**EXERCISE PROMPT**
Could you write out, word for word, only the lines from the one containing "Implanty zębów –" through the last line of the data below?
Start of Block
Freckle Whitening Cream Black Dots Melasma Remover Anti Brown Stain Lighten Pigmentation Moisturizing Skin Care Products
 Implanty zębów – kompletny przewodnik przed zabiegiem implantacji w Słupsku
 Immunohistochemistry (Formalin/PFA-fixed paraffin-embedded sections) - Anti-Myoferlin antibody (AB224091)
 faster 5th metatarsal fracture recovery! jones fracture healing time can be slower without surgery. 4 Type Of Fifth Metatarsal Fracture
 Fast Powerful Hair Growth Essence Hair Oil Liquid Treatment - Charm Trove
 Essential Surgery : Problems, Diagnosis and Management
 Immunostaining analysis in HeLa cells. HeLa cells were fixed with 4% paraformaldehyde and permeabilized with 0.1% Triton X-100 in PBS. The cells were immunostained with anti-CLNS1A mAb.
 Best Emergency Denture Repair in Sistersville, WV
End of Block
**FINISHED EXERCISE**
 Implanty zębów – kompletny przewodnik przed zabiegiem implantacji w Słupsku
 Immunohistochemistry (Formalin/PFA-fixed paraffin-embedded sections) - Anti-Myoferlin antibody (AB224091)
 faster 5th metatarsal fracture recovery! jones fracture healing time can be slower without surgery. 4 Type Of Fifth Metatarsal Fracture
 Fast Powerful Hair Growth Essence Hair Oil Liquid Treatment - Charm Trove
 Essential Surgery : Problems, Diagnosis and Management
 Immunostaining analysis in HeLa cells. HeLa cells were fixed with 4% paraformaldehyde and permeabilized with 0.1% Triton X-100 in PBS. The cells were immunostained with anti-CLNS1A mAb.
 Best Emergency Denture Repair in Sistersville, WV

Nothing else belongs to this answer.